ECLI:NL:RVS:2003:AF8034

Raad van State

Datum uitspraak
29 april 2003
Publicatiedatum
4 april 2013
Zaaknummer
200202286/1
Instantie
Raad van State
Type
Uitspraak
Rechtsgebied
Bestuursrecht
Procedures
  • Eerste aanleg - meervoudig
Rechters
  • E.M.H. Hirsch Ballin
  • H.Ph.J.A.M. Hennekens
  • Ch.W. Mouton
  • A.J. Kuipers
Vindplaatsen
  • Rechtspraak.nl
AI samenvatting door LexboostAutomatisch gegenereerd

Vergunning voor uitbreiding opslagcapaciteit van banden in Fryslân

In deze zaak heeft de Afdeling bestuursrechtspraak van de Raad van State op 29 april 2003 uitspraak gedaan over een beroep tegen een besluit van het college van gedeputeerde staten van Fryslân.
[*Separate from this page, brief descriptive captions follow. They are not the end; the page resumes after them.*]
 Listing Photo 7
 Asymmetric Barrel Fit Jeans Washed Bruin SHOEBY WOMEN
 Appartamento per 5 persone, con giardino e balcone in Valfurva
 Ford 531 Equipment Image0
Het betreft een vergunning die op 22 februari 2002 is verleend aan een vergunninghoudster voor de uitbreiding van de opslagcapaciteit van banden op een perceel in Augustinusga. Appellanten, bewoners van nabijgelegen woningen, hebben beroep ingesteld tegen deze vergunning, onder andere vanwege zorgen over visuele hinder en brandveiligheid. De Afdeling heeft de zaak op 24 februari 2003 ter zitting behandeld, waarbij zowel de vergunninghoudster als vertegenwoordigers van de provincie aanwezig waren.
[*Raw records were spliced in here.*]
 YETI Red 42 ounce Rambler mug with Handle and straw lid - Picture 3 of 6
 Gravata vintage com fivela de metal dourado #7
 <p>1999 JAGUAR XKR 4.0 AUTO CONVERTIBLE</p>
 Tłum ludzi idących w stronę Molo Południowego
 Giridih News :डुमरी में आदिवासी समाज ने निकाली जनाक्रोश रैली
De Afdeling heeft vastgesteld dat de vergunninghoudster een revisievergunning heeft aangevraagd op basis van de Wet milieubeheer. De appellanten hebben onder andere betoogd dat de vergunning niet verleend had mogen worden vanwege de mogelijke overschrijding van piekgeluidgrenswaarden en onvoldoende beoordeling van brandgevaar. De Afdeling heeft geoordeeld dat de vergunning niet kan worden geweigerd op basis van visuele hinder, omdat appellanten deze bezwaren niet tijdig hebben ingediend. Echter, de Afdeling heeft ook geconcludeerd dat de brandveiligheid onvoldoende is onderzocht, wat leidt tot de vernietiging van het besluit van de provincie.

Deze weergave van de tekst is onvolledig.